**Action item:** Scanning the entries below, copy every line that contains the word "Clothes".

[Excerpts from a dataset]
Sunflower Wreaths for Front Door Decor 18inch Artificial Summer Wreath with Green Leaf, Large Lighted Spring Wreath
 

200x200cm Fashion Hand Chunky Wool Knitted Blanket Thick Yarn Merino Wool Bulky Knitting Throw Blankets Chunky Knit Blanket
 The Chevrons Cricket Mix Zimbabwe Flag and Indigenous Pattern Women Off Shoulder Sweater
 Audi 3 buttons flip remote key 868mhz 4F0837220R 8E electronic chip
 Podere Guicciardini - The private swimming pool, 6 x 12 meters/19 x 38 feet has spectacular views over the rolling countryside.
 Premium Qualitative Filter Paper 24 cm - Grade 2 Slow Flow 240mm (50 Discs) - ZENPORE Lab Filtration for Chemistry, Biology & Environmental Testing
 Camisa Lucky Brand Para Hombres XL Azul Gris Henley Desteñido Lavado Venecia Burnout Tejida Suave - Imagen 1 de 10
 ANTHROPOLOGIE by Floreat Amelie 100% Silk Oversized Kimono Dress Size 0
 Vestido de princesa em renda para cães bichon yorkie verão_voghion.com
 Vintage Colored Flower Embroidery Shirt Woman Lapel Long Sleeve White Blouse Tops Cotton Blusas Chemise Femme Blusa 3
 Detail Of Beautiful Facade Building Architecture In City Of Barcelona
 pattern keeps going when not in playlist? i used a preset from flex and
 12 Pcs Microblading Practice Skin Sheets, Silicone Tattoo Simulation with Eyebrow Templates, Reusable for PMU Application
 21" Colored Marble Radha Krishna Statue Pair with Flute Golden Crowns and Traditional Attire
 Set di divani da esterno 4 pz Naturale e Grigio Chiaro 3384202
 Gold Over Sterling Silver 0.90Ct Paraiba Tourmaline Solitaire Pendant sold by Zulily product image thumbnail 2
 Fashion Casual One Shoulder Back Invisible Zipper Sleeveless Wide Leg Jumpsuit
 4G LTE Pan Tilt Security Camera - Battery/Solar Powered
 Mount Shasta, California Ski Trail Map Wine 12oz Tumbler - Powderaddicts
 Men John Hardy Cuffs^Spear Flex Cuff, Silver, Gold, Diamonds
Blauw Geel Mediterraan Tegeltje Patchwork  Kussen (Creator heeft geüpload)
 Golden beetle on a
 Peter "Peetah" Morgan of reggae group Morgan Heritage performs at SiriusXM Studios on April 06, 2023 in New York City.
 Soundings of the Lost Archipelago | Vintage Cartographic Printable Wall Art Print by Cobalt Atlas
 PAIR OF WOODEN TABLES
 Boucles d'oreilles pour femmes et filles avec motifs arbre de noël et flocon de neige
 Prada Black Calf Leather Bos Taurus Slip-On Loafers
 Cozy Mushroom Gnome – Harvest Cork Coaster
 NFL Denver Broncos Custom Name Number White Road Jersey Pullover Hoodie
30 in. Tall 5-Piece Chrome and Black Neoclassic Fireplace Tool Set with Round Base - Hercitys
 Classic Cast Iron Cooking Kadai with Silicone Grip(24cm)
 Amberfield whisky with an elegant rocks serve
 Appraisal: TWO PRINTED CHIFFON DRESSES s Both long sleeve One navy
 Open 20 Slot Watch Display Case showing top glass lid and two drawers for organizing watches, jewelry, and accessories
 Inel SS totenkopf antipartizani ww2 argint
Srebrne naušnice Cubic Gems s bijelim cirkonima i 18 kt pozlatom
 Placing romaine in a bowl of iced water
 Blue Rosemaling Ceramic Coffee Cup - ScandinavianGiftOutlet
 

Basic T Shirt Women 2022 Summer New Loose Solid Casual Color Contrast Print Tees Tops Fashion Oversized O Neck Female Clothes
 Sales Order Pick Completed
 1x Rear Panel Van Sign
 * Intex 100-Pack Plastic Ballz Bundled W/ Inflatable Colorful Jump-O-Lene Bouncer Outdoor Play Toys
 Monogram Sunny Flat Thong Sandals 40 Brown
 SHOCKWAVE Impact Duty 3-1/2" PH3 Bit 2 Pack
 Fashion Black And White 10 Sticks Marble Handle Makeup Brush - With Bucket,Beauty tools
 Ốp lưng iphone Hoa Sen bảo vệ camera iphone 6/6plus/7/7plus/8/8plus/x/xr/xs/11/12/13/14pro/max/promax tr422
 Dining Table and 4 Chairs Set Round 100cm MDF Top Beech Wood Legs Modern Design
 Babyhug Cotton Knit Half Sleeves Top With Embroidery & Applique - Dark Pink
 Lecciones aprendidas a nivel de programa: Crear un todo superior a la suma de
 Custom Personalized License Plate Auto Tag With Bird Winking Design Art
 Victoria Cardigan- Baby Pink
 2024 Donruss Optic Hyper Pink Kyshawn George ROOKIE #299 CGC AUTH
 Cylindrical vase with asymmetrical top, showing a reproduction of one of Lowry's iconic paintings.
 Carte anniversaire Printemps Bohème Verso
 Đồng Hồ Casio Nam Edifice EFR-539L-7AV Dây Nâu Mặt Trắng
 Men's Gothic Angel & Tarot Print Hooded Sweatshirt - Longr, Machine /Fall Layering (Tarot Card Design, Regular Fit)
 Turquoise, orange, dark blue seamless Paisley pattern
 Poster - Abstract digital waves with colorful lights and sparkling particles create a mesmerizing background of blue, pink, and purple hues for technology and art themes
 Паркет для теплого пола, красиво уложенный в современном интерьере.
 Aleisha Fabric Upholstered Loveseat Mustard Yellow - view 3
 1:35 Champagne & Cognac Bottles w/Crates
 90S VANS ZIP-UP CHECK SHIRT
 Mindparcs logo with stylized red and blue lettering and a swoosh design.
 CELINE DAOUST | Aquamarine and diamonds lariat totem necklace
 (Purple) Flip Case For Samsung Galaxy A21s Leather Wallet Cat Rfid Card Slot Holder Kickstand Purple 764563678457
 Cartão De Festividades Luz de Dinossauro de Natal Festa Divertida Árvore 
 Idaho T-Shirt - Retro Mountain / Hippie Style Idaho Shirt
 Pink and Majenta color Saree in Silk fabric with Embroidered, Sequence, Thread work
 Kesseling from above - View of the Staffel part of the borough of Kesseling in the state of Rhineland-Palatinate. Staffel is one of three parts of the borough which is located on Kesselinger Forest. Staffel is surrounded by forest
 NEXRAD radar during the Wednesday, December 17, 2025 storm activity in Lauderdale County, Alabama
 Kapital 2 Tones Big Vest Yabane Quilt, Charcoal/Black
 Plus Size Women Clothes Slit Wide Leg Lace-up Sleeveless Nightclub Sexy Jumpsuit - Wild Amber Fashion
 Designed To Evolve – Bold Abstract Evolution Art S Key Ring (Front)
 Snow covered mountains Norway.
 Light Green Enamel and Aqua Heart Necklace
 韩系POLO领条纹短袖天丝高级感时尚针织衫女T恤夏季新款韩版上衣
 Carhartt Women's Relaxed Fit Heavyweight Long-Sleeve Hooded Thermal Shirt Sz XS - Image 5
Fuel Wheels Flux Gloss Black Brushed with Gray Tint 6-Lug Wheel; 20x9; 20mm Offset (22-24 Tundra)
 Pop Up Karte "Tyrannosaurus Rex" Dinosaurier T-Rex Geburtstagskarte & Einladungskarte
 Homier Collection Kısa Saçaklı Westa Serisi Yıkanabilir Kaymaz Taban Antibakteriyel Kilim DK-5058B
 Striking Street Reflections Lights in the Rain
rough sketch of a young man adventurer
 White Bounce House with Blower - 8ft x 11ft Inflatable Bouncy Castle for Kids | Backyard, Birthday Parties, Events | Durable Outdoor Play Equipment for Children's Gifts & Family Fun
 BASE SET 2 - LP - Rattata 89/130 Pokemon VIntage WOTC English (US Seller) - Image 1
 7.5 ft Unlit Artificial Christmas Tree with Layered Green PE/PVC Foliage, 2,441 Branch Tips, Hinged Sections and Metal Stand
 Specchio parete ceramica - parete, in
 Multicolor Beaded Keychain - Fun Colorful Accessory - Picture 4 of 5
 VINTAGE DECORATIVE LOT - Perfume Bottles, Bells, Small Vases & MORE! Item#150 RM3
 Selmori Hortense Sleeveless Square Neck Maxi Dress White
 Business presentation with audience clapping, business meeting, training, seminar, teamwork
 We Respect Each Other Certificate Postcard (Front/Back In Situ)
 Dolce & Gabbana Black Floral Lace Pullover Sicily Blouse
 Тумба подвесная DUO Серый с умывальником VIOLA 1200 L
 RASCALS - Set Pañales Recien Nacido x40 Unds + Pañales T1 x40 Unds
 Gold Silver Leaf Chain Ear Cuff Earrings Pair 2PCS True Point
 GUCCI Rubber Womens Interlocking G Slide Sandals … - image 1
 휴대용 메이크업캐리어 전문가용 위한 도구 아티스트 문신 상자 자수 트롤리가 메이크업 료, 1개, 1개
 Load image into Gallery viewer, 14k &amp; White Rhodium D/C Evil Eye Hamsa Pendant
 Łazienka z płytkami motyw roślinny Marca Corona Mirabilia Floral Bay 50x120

**Response to the exercise:**
Basic T Shirt Women 2022 Summer New Loose Solid Casual Color Contrast Print Tees Tops Fashion Oversized O Neck Female Clothes
 Plus Size Women Clothes Slit Wide Leg Lace-up Sleeveless Nightclub Sexy Jumpsuit - Wild Amber Fashion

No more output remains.